This morning the Royal Swedish Academy of Sciences announced that it has awarded the 2018 Sveriges Riksbank Prize in Economic Sciences in Memory of Alfred Nobel to U.S. economists Paul Romer and William Nordhaus. The Academy noted Professor Nordhaus's contributions to the economics of climate change in particular, stating in its press release:
Nordhaus’ findings deal with interactions between society and nature. Nordhaus decided to work on this topic in the 1970s, as scientists had become increasingly worried about the combustion of fossil fuel resulting in a warmer climate. In the mid-1990s, he became the first person to create an integrated assessment model, i.e. a quantitative model that describes the global interplay between the economy and the climate. His model integrates theories and empirical results from physics, chemistry and economics. Nordhaus’ model is now widely spread and is used to simulate how the economy and the climate co-evolve. It is used to examine the consequences of climate policy interventions, for example carbon taxes.
In my view it's hard to think of a more timely award, given that the United Nations Intergovenmental Panel on Climate Change now predicts that severe consequences of climate change will be felt as early as 2040. (See discussion here.) For a good popular discussion of the topic by Professor Nordhaus himself, see his 2012 article Why the Global Warming Skeptics Are Wrong in the New York Review of Books.
As for Professor Romer, his contributions to economics are more closely related to the subject of this blog, in that they model how technology drives economic growth.

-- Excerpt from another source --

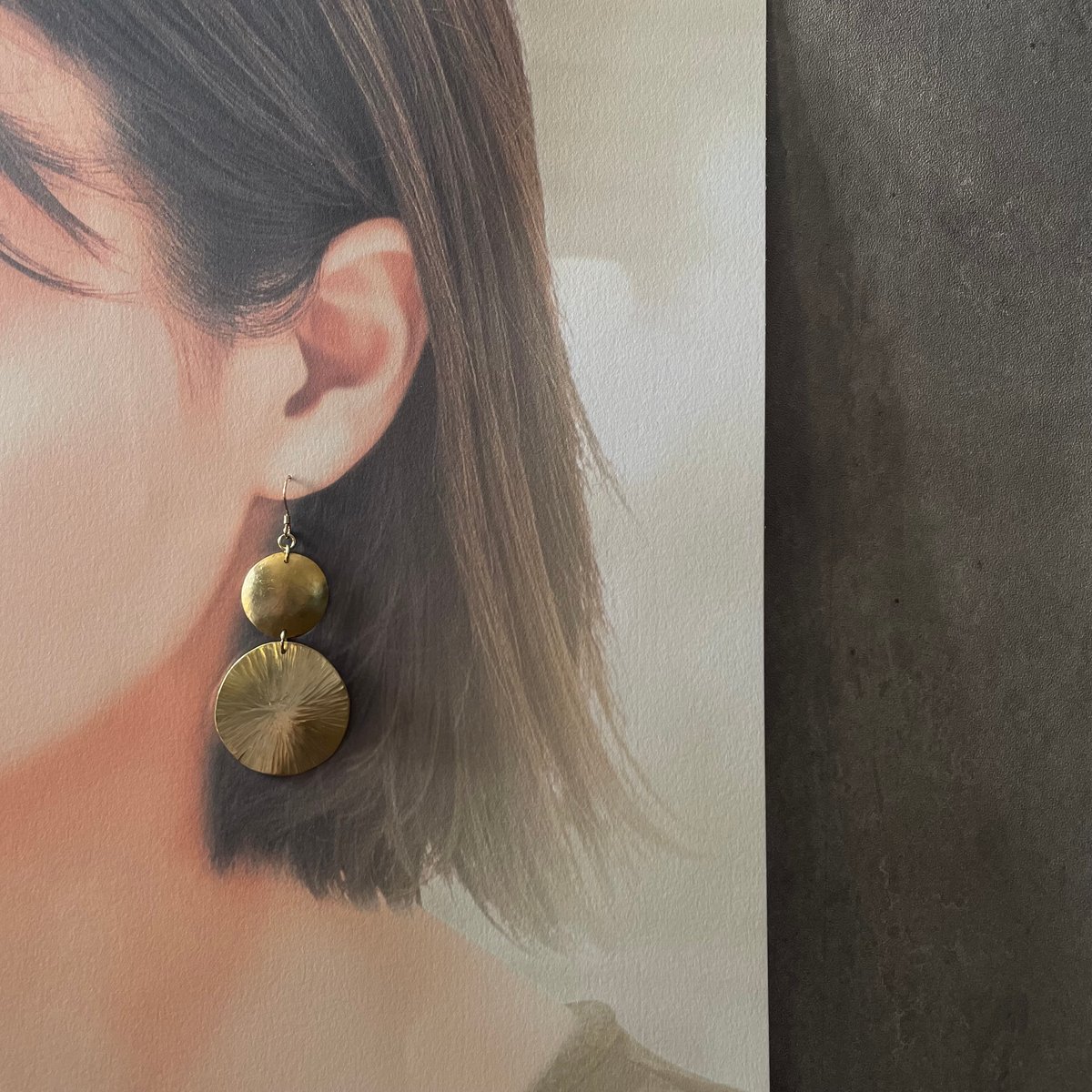 mayumimurasawa / MOON ピアス / brass / 真鍮 mayumimurasawa / MOON ピアス / brass / 真鍮 【公式通販】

Again, from the press release:
Romer demonstrates how knowledge can function as a driver of long-term economic growth. When annual economic growth of a few per cent accumulates over decades, it transforms people’s lives. Previous macroeconomic research had emphasised technological innovation as the primary driver of economic growth, but had not modelled how economic decisions and market conditions determine the creation of new technologies. Paul Romer solved this problem by demonstrating how economic forces govern the willingness of firms to produce new ideas and innovations.
Romer’s solution, which was published in 1990, laid the foundation of what is now called endogenous growth theory. The theory is both conceptual and practical, as it explains how ideas are different to other goods and require specific conditions to thrive in a market. Romer’s theory has generated vast amounts of new research into the regulations and policies that encourage new ideas and long-term prosperity.
If any of my current or former students are reading this, if you take a look at the Swedish Academy's further discussion of Professor Romer's work in its Popular science background: Integrating nature and knowledge into economics, you'll find a discussion that (I hope) will sound familiar: how ideas, unlike real or personal property, are nonrivalrous and nonexcludable; how new ideas and technologies tend to require large upfront costs, after which they can be duplicated at marginal cost, thus giving rise to a potential market failure; how investments in basic research, and the creation of patent laws, can be viewed as efforts to overcome this problem; and how "patent laws should strike the right balance between the motivation to create new ideas, by giving some monopoly rights to developers, and the ability of others to use them, by limiting these rights in time and space."
For further reading, see also the Swedish Academy's more detailed Scientific Background: Economic growth, technological change, and climate change. For a good popular account of the work of Romer and others in endogenous growth theory, see David Warsh's 2006 book Knowledge and the Wealth of Nations: A Story of Economic Discovery (W.W. Norton & Co. 2006).